Re-write the equation (I) such that the net force is zero.

    $\begin{array}{c}T-Mg\sin \theta =0\\ T=Mg\sin \theta \end{array}$        (II)

Therefore, the tension on the string is $Mg\sin \theta$.

To determine

The length of the string

Answer to Problem 60P

The length of the string is $h\left(\left(1+\sin \theta \right)/\sin \theta \right)$.

Explanation of Solution

Write the equation for the sine of the angle of inclination.

    $\sin \theta =\frac{h}{lengthofstringontheinclinedplane}$        (III)

Rewrite the equation (I) to find the equation for the $lengthofstringontheinclinedplane$.

    $lengthofstringontheinclinedplane=\frac{h}{\sin \theta }$        (IV)

Write the equation for the total length of the string.

    $L=h+\left(lengthofstringontheinclinedplane\right)$        (V)

Conclusion:

Substitute equation (II) in equation (III).

    $\begin{array}{c}L=h+\frac{h}{\sin \theta }\\ =\frac{h\sin \theta +h}{\sin \theta }\\ =h\left(\frac{1+\sin \theta }{\sin \theta }\right)\end{array}$        (VI)

Therefore, the length of the strings is $h\left(\left(1+\sin \theta \right)/\sin \theta \right)$.

To determine

The mass per unit length of the string

Answer to Problem 60P

The mass per unit length of the string is $\left(m\sin \theta /h\left(1+\sin \theta \right)\right)$.

Explanation of Solution

Write the equation for the mass per unit length of the string.

    $\mu =\frac{m}{L}$        (VII)

Here, $m$ is the mass of the string and $L$ is the length of the string.

Conclusion:

Substitute equation (V) in equation (VI).

    $\begin{array}{c}\mu =\frac{m}{h\left(\frac{1+\sin \theta }{\sin \theta }\right)}\\ =\frac{m\sin \theta }{h\left(1+\sin \theta \right)}\end{array}$        (VIII)

Therefore, the mass per unit length of the string is $\left(m\sin \theta /h\left(1+\sin \theta \right)\right)$

To determine

The speed of waves on the string

Answer to Problem 60P

The speed of waves on the string is $\sqrt{\left(Mgh/m\right)\left(1+\sin \theta \right)}$.

Explanation of Solution

Write the equation for the speed of the waves on the string.

    $v=\sqrt{\frac{T}{\mu }}$        (IX)

Here, $T$ is the tension on the string and $\mu$ is the mass per unit length of the string

Conclusion:

Substitute equation (II) and equation (VIII) in equation (IX).

    $\begin{array}{c}v=\sqrt{\frac{Mg\sin \theta }{\left[\frac{m\sin \theta }{h\left(1+\sin \theta \right)}\right]}}\\ =\sqrt{\frac{Mgh}{m}(1+\sin \theta )}\end{array}$        (X)

Therefore, the speed of the waves on the string is $\sqrt{\left(Mgh/m\right)\left(1+\sin \theta \right)}$.

To determine

The lowest frequency for a standing wave

Answer to Problem 60P

The lowest frequency for the standing waves is $\sqrt{\left(Mg/4mh\right)\left(1+\sin \theta \right)}$.

Explanation of Solution

The length $h$ of the vertical portion of the string vibrates as a single loop in the fundamental mode of vibration.
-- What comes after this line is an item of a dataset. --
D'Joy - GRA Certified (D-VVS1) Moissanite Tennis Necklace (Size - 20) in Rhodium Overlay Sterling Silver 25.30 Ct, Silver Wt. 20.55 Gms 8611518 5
Therefore, the distance between the two nodes is equal to the length $h$. The distance between the antinodes is also half the wavelength in the fundamental mode of vibration.

    $\begin{array}{c}{d}_{NN}=\frac{\lambda }{2}=h\\ \lambda =2h\end{array}$        (XI)
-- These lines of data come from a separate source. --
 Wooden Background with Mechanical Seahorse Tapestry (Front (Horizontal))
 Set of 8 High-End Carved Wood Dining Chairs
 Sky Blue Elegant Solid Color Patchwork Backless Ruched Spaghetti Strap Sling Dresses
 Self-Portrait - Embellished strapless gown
Write the equation for the frequency of the standing wave.

    $f=\frac{v}{\lambda }$        (XII)

Here, $v$ is the speed of the sound waves and $\lambda$ is the wavelength of the sound.

Conclusion:

Substitute equation (X) and equation (XI) in equation (XII).

    $\begin{array}{c}f=\frac{1}{2h}\sqrt{\frac{Mgh}{m}(1+\sin \theta )}\\ =\sqrt{\frac{Mg}{4mh}(1+\sin \theta )}\end{array}$        (XIII)

Therefore, the lowest possible frequency of the standing waves is $\sqrt{\left(Mg/4mh\right)\left(1+\sin \theta \right)}$.

To determine

The lowest frequency for a set of given values

Answer to Problem 60P

The lowest frequency for the standing waves is $121\text{Hz}$.

Explanation of Solution

Write the equation for the lowest frequency of the standing wave from equation (XIII).

    $f=\sqrt{\frac{Mg}{4mh}(1+\sin \theta )}$

Conclusion:

Substitute $1.50\text{kg}$ for $M$, $9.80{\text{m/s}}^{\text{2}}$ for $g$, $0.750\times {10}^{-3}\text{kg}$ for $m$, $0.50\text{m}$ for $h$ and $30°$ for $\theta$.

    $\begin{array}{c}f=\sqrt{\frac{\left(1.50\text{kg}\right)\left(9.80{\text{m/s}}^{\text{2}}\right)}{4\left(0.750\times {10}^{-3}\text{kg}\right)\left(0.50\text{m}\right)}(1+\sin 30°)}\\ =\sqrt{\frac{22.05}{0.0015}}\\ =121\text{Hz}\end{array}$

Therefore, the lowest frequency of the standing waves is $121\text{Hz}$.

To determine

The lowest frequency on the sloped section

Answer to Problem 60P

The lowest frequency for the standing waves on the sloped section is $60.6\text{Hz}$.

Explanation of Solution

The wavelength of the fundamental mode of vibration is twice the length of the sloped section.

    $\lambda =\frac{2h}{\sin \theta }$        (XIV)

Here, $h$ is the length of the vertical portion of the string.

Substitute equation (X) and equation (XIV) in equation (XII).

    $\begin{array}{c}f=\frac{1}{\left(\frac{2h}{\sin \theta }\right)}\sqrt{\frac{Mgh}{m}(1+\sin \theta )}\\ =\sin \theta \sqrt{\frac{Mg}{4mh}(1+\sin \theta )}\end{array}$

Substitute $1.50\text{kg}$ for $M$, $9.80{\text{m/s}}^{\text{2}}$ for $g$, $0.750\times {10}^{-3}\text{kg}$ for $m$, $0.50\text{m}$ for $h$ and $30°$ for $\theta$.

    $\begin{array}{c}f=\sin 30°\sqrt{\frac{\left(1.50\text{kg}\right)\left(9.80{\text{m/s}}^{\text{2}}\right)}{4\left(0.750\times {10}^{-3}\text{kg}\right)\left(0.50\text{m}\right)}(1+\sin 30°)}\\ =\sin 30°\sqrt{\frac{22.05}{0.0015}}\\ =\sin 30°\left(121\text{Hz}\right)\\ =60.6\text{Hz}\end{array}$

Therefore, the lowest frequency of the standing waves is $60.6\text{Hz}$.